Poetry

To Nature’s Woes: A Lament for the Dying Earth

Oh, cruel fate, that doth so cruelly harm

Our fragile earth, so bountiful and fair.

Thy scorching sun doth raise the oceans’ arm,

And floods the land with salt and bitter air.

                                                       

The forests fall, the rivers dry, the sands

Do shift and change, and all the creatures flee.

The skies are choked with smoke and dust and sands,

And all is lost in thy malignity.

                                                       

The cities swelter in the heat, the poor

Are crushed beneath the weight of want and woe.

The rich do mock them, and do nothing more

Than sit and watch the world they helped to sow.

                                                       

But hark!
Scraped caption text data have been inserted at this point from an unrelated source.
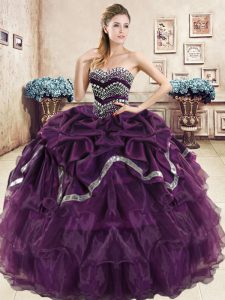 Purple Sweetheart Neckline Beading and Ruffled Layers and Pick Ups Sweet 16 Dresses Sleeveless Lace Up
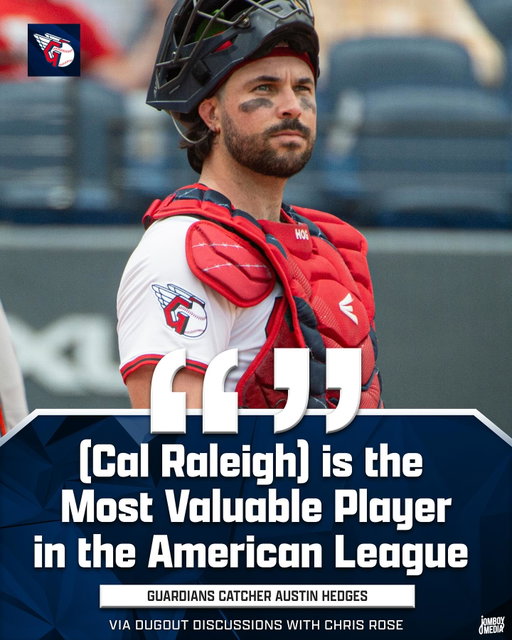 Guardians catcher Austin Hedges says that Cal Raleigh is the AL MVP this season

#mlb #baseball #sports #yankees #mariners #aaronjudge #calraleigh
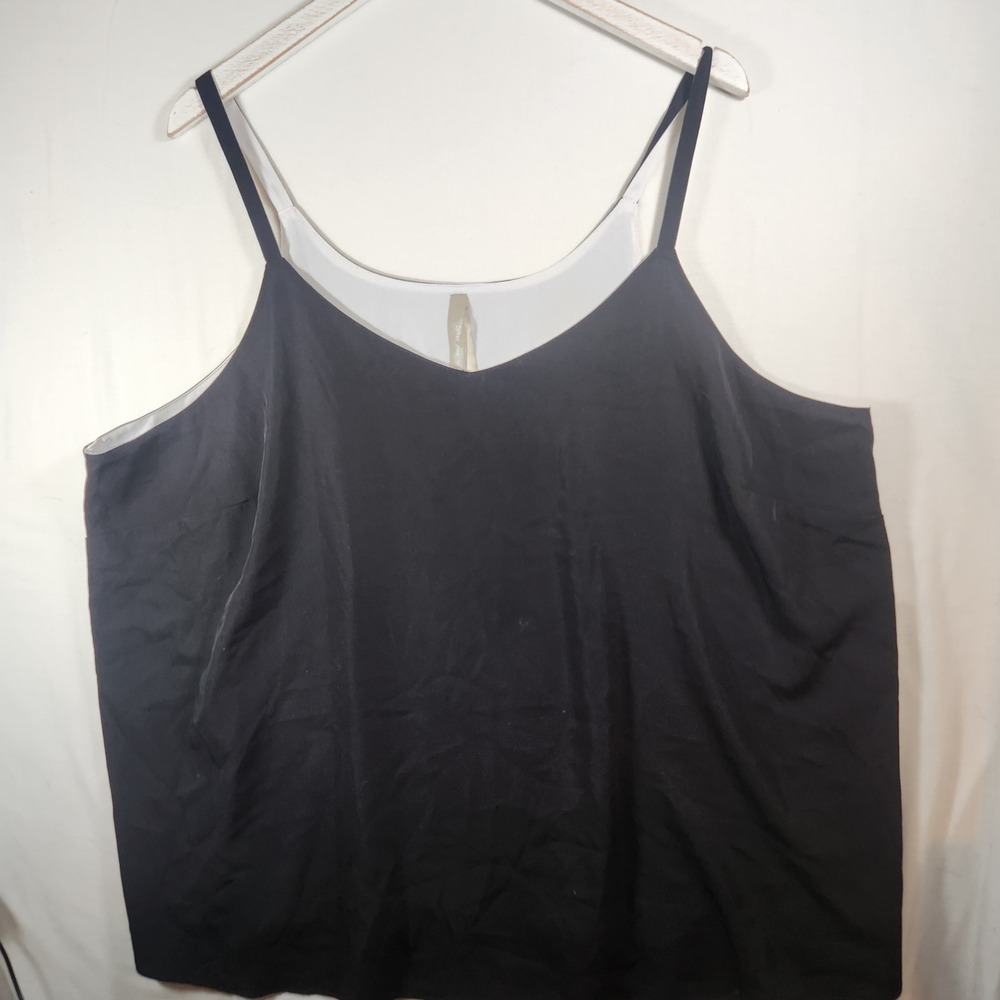 Black Layered Look Spaghetti Strap Camisole Top 3X Plus Size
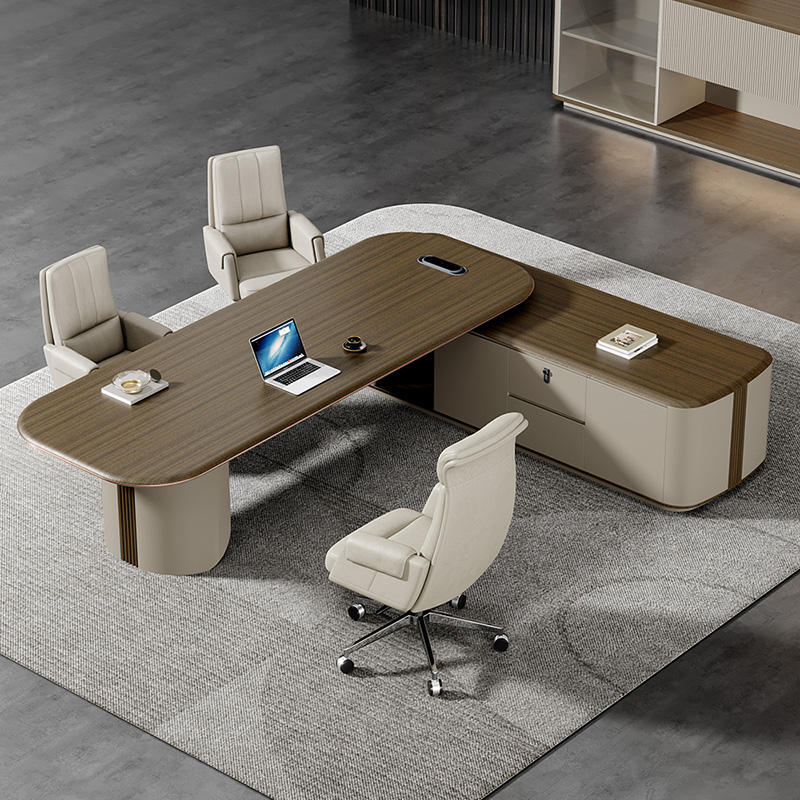 Director Table with Side Storage Cabinet, Premium CEO Office Desk for Modern Corporate Cabins, Leadership Workspaces and High-End Business Interiors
The voice of Nature doth cry out

In rage and sorrow, and doth all about

Call on the guilty to repent and mend

Their ways before it is too late, and all

Is lost forever in the fiery end.

                                                       

Oh, let us take heed, and do all we can

To heal the wounds that we have made, and ban

The use of fossil fuels that doth destroy

Our earth, and all the creatures it employs.

                                                       

For if we do not act, and act soon,

We’ll find ourselves in the eternal swoon

Of a world that’s dead, and we, its murderers,

Shall live on in the memory of the curse.